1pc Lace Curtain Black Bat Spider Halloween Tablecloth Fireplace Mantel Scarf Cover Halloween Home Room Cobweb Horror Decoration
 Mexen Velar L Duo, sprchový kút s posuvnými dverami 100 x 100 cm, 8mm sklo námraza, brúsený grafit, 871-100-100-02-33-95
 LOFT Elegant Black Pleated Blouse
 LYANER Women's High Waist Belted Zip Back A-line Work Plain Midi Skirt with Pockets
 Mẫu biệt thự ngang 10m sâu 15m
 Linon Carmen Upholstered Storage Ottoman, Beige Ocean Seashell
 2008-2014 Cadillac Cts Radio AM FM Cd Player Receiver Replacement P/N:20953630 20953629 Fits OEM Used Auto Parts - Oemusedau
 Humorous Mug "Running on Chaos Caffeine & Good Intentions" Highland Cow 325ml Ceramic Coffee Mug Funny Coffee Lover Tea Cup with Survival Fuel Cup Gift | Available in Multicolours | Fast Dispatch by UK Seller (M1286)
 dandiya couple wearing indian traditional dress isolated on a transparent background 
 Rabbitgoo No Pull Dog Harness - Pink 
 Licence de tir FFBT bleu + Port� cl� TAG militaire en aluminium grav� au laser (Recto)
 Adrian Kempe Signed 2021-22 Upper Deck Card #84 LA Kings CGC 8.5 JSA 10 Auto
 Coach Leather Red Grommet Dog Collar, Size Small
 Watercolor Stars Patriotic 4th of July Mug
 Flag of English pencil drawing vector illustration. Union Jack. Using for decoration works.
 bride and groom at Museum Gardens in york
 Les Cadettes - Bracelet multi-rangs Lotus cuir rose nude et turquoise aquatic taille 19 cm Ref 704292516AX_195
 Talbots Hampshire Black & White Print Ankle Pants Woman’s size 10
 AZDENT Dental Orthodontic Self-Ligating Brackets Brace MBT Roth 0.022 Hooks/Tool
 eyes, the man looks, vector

WORK TO BE COMPLETED
Search the entries for the word "with". Copy each line where it appears.

ANSWER TO THIS TASK
 LYANER Women's High Waist Belted Zip Back A-line Work Plain Midi Skirt with Pockets
 Humorous Mug "Running on Chaos Caffeine & Good Intentions" Highland Cow 325ml Ceramic Coffee Mug Funny Coffee Lover Tea Cup with Survival Fuel Cup Gift | Available in Multicolours | Fast Dispatch by UK Seller (M1286)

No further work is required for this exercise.